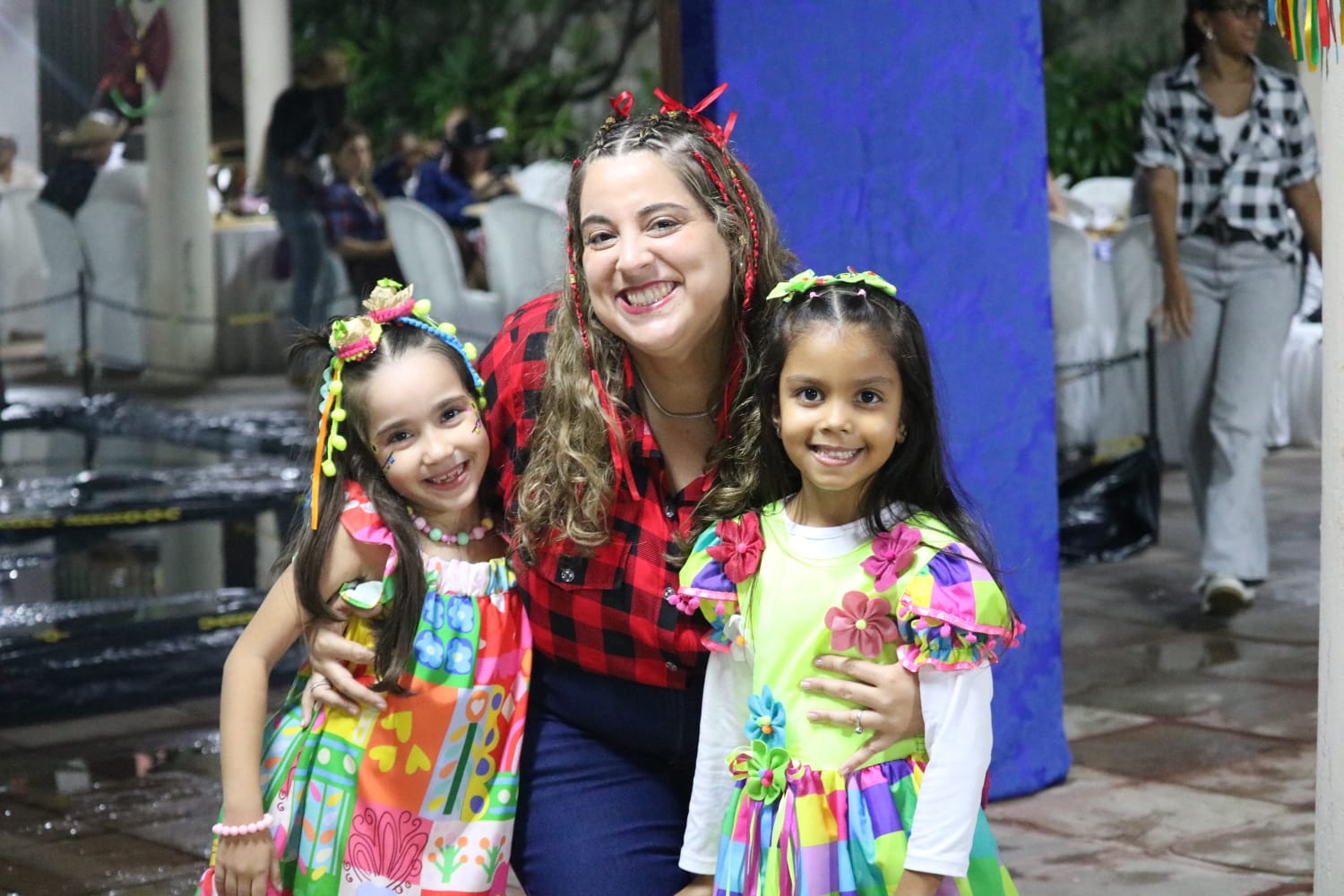 Espaço lúdico terapêutico promoveu festa junina "Fazendinha do Gira Mundo" reunindo crianças e adolescentes neurodivergentes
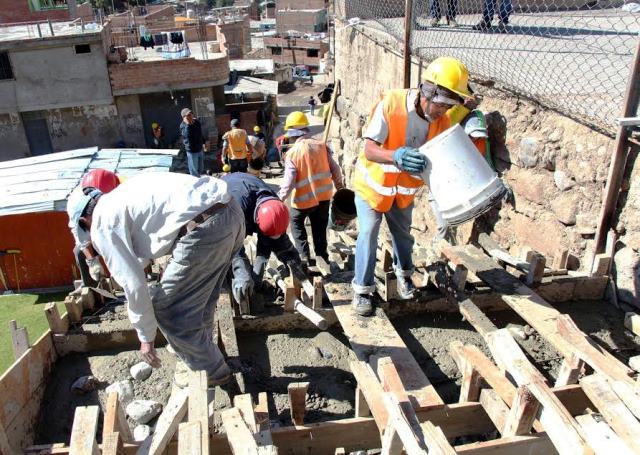 Independencia: Realizan trabajos de construcción y mantenimiento en varios sectores
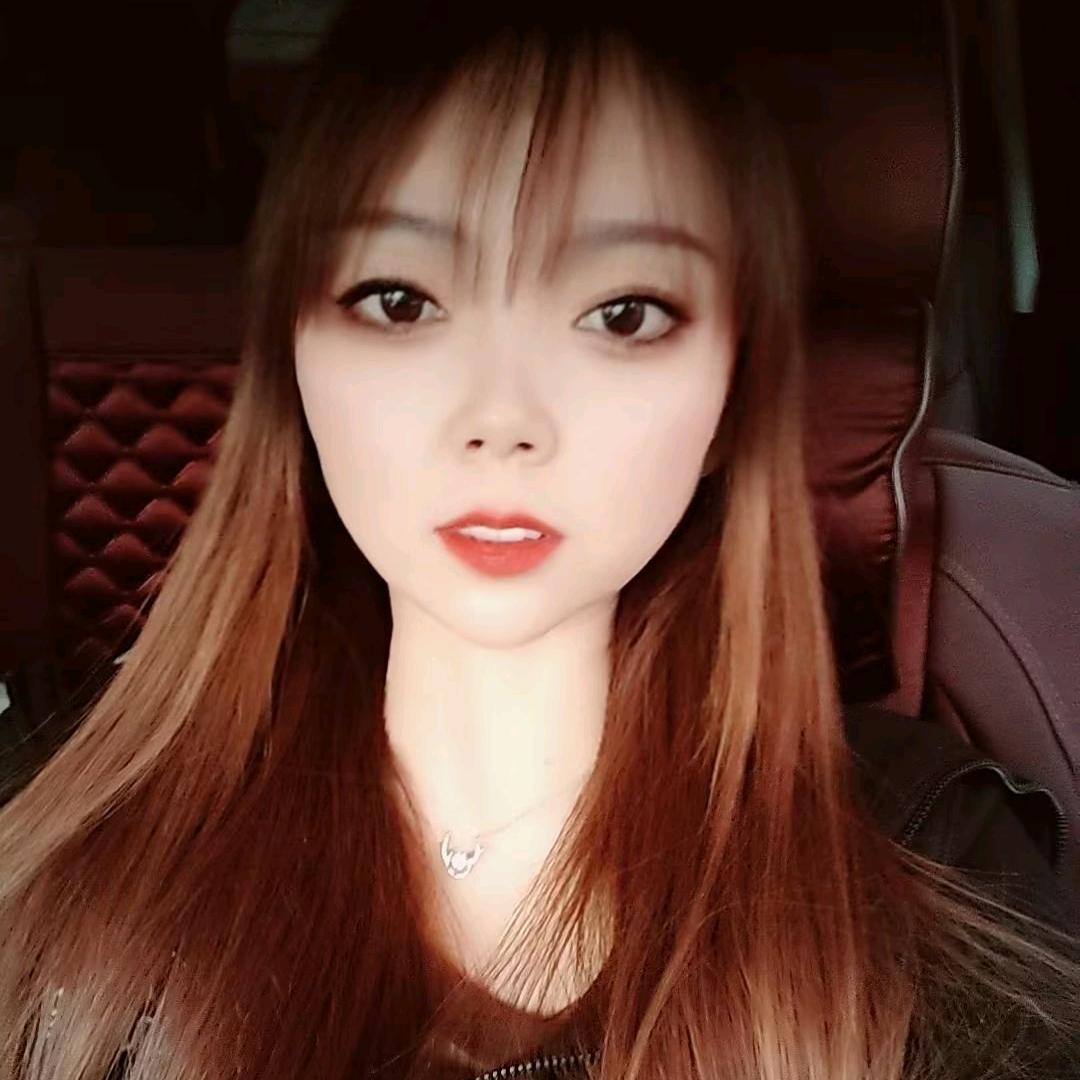 白月光（｡ӧ◡ӧ｡）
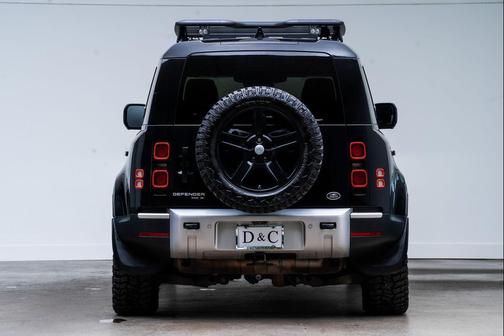 Santorini Black Metallic 2020 Land Rover Defender 110 SE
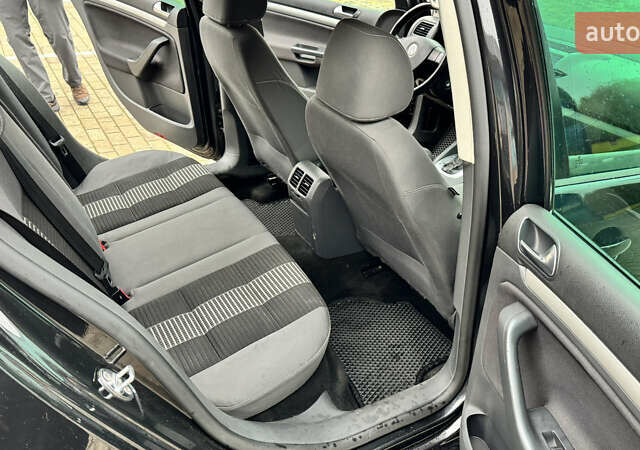 Черный Фольксваген Гольф, объемом двигателя 1.39 л и пробегом 242 тыс. км за 6999 $, фото 23 на Automoto.ua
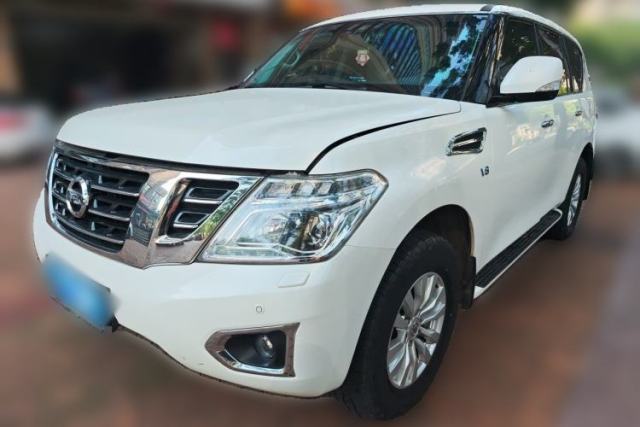 Used Nissan Patrol Nissan Patrol 5.6L, UAE parallel import, with sunroof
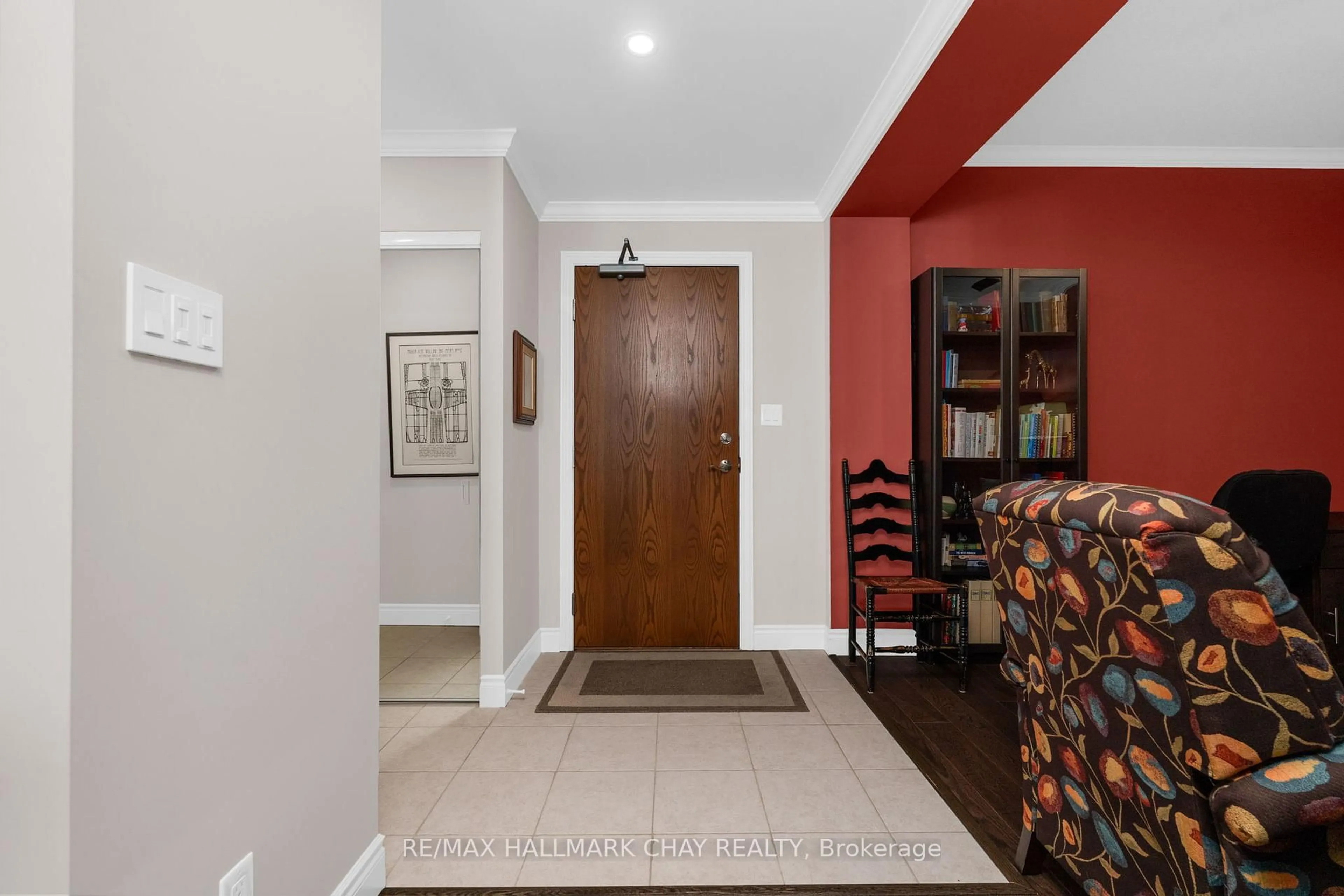 Indoor entryway for 37 Ellen St #1504, Barrie Ontario L4N 6G2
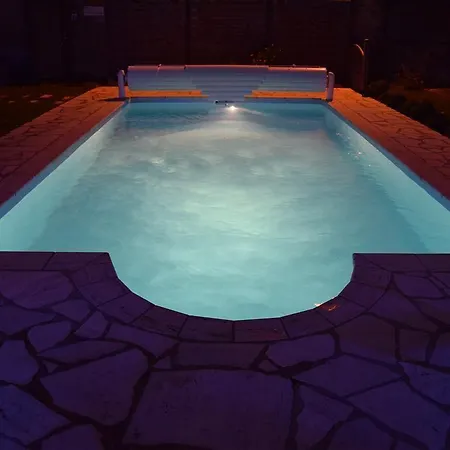 Bed & Breakfast Chateau Des Aiguilles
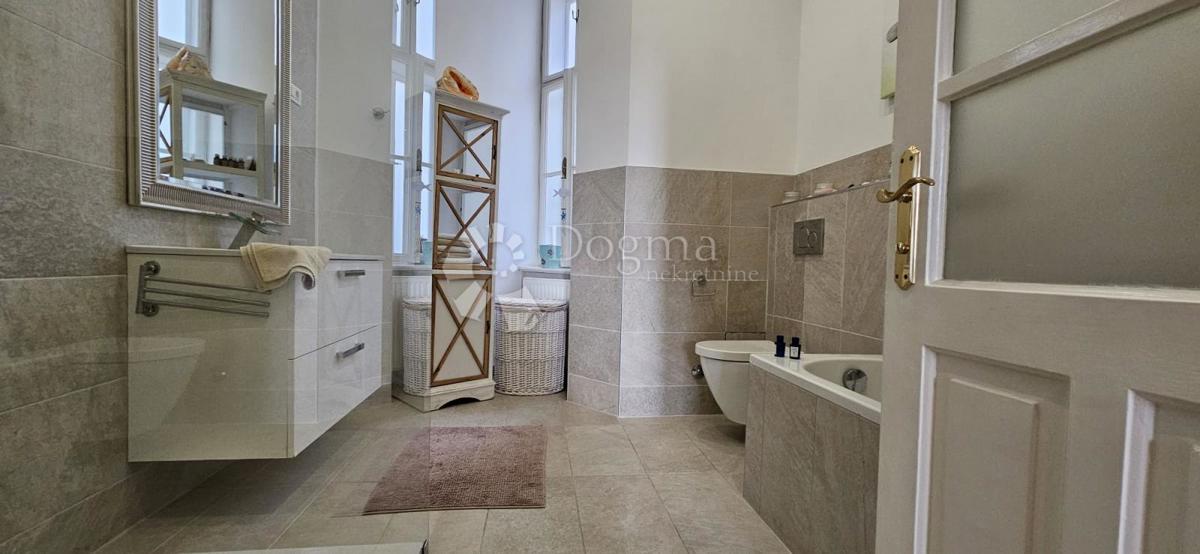 Stanovanje Centar, Pula, 76,50m2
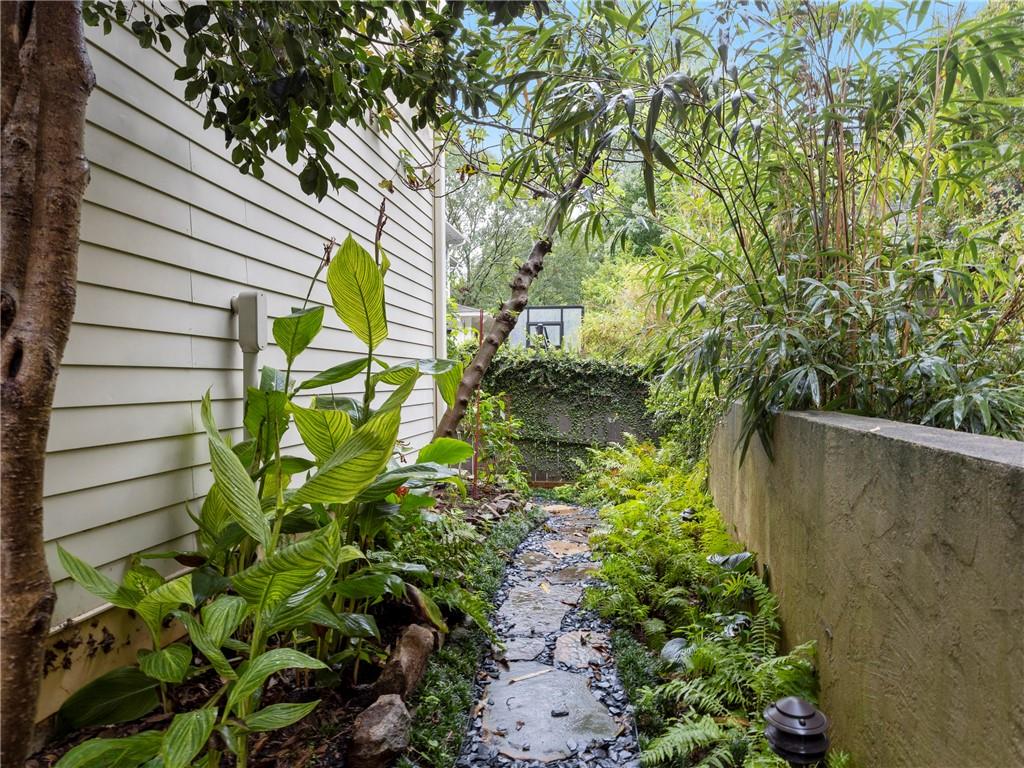 325 Sinclair Avenue Northeast Atlanta, GA 30307 - Photo 21 of 29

WHAT YOU WILL DO:
What is needed is a word-for-word repeat of every line from the line with "Indoor entryway for" to the end of the entries above; leave out the pictures.

EXERCISE RESULT:
 Indoor entryway for 37 Ellen St #1504, Barrie Ontario L4N 6G2
 Bed & Breakfast Chateau Des Aiguilles
 Stanovanje Centar, Pula, 76,50m2
 325 Sinclair Avenue Northeast Atlanta, GA 30307 - Photo 21 of 29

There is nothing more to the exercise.